Basket Case 2 is a mixed bag. Gone are the filthy, seething streets of Manhattan and their oddly endearing characters, replaced by the clean, pastels of suburbia. The contrast is, I’m sure, intended, but without the grit and grime the characters loose a bit of their bite. On the other hand, there’s something superbly darling about an R-rated horror film that would probably appeal to children. Only the scenes where Belial tears up the ‘guilty’ parties and gets it on would turn the kiddies off.

Basket Case 2
The original film was a simple and straightforward revenge tale, but this time Henenlotter bogs his script down with a few too many ideas. Equal rights movements, deranged religious cults, and media tabloid frenzies all take turns in the satire, but the strokes are so broad it’s just too obvious. Yet, it’s still charming, and even the dated, ‘grandpa’ humour elicits a few chuckles and a smile. Basically Henenlotter’s films, all the ones I’ve seen, are the kind of fun time trash Troma Studios wishes they could produce.

The family of freaks is the film’s finest quality, and like every movie about sideshow types, Basket Case 2 borrows some details from Tod Browning’s 1932 classic. Gabe Bartalos’ over-the-top and cartoony creations steal the show every time they’re on screen, even if they aren’t exactly convincingly realistic creations.

Basket Case 2

Video


Synapse has cleaned this once grungy video release rather impressively, bringing out details once obscured by VHS releases. Lighter scenes look damn near perfect, with only minor compression noise and slightly soft edges. Dark scenes, which are often accompanied by bright red lighting, don’t fair quite so well, and suffer some low level noise and macro blocking through out. Still, the attention given to such an obscure and cheap release is to be commended. Too much spit and polish might’ve robbed the original Basket Case of some of its charm (the flashbacks here are still pretty dirty), Basket Case 2’s pastel suburbia handles the digital process with a sort of uncanny grace.

Audio


No need for a major overhaul here. Synapse doesn’t remix Basket Case 2 into any sort of super-aggressive 5.1 mix, they simply clean up the original Stereo, and it sounds just fine. Dialogue and sound effects are clear, stereo sound effects are effective, and the musical score (which includes the rather catchy electronic credits tune) doesn’t muddy the track. Some might complain that the soundtrack is rather thin overall, but this would be the fault of the original designers, not this DVD.

Basket Case 2

Extras


Strangely enough director Henenlotter seems to have had nothing to do with this disc. This is suspicious because Henenlotter supplies Synapse competitor Something Weird Video with movies from his own collection. Perhaps I’m reading too much into things, but you never know….

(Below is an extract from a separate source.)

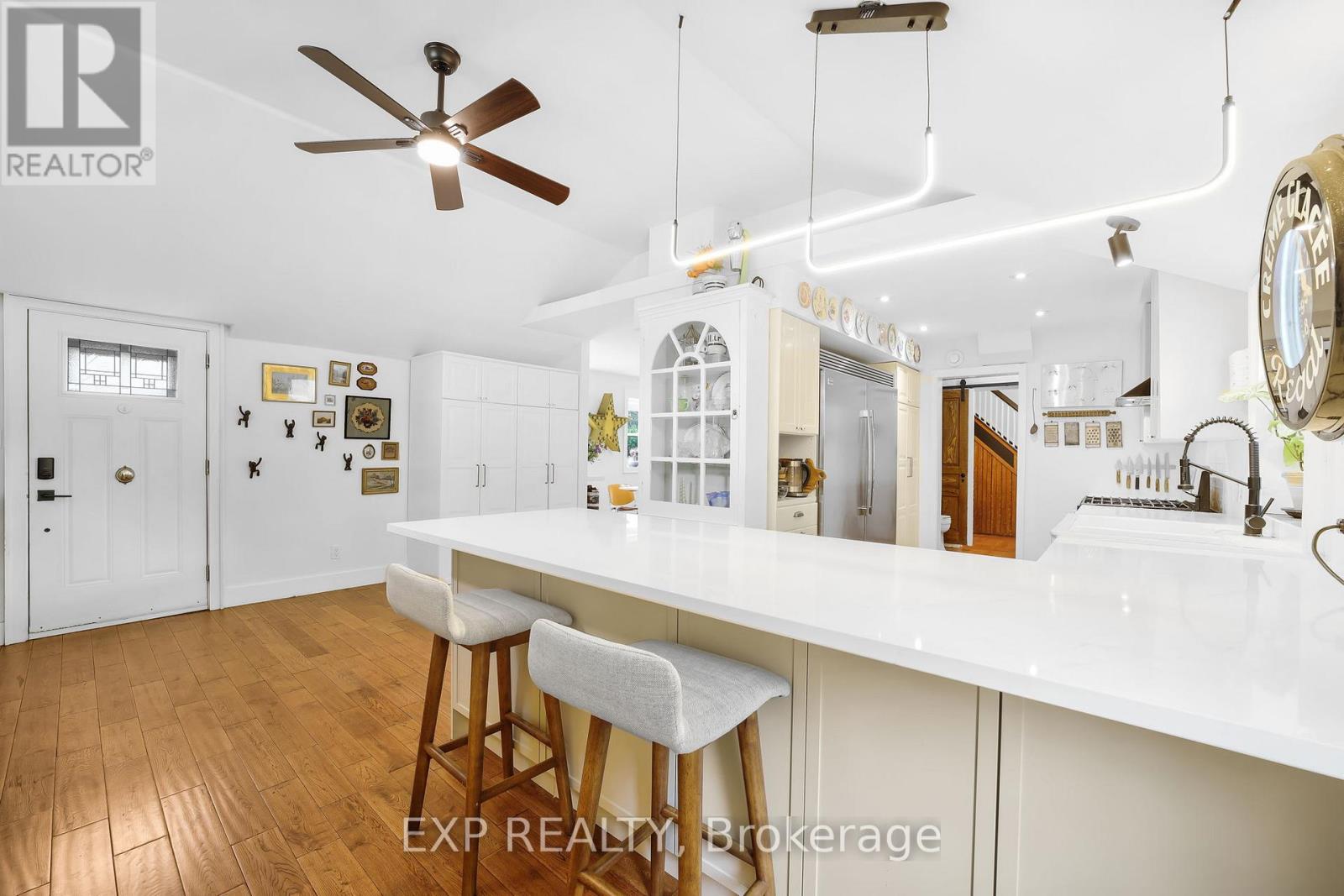 20 Elgin Street S, Halton Hills, Ontario  L7J 2B3 - Photo 8 - W12428639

Anyway, the extras included on this disc consist of two featurettes. ‘Beyond the Wicker’ has been put together by make-up effects man Gabe Bartalos, who amusingly chats with us about the film from a crematorium. When the fires start burning he has to be subtitled. It’s funny because he never acknowledges what’s going on. Between Bartolas’ shouting is rough behind the scenes footage. This is followed by ‘The Man in the Moon Mask’, an interview with actor David Emge. Emge is best remembered as Stephen ‘Fly Boy’ from the original Dawn of the Dead, and for good reason, besides this silent performance from beneath a giant mass of prosthetics, Dawn was just about the only thing the actor ever did on film. Emge’s featurette is very short, and not particularly informative, but still good to have around.

Basket Case 2

Overall


Basket Case 2 isn’t as good as the original, but it’s still good fun, and at the least worth a rent. The film has been missing on R1 DVD for some time now, and Synapse’s new disc looks and sounds fantastic, though I could do with a bit more in the way of extras. Maybe this release will coax whoever holds the rights to the first film into releasing an effective special edition.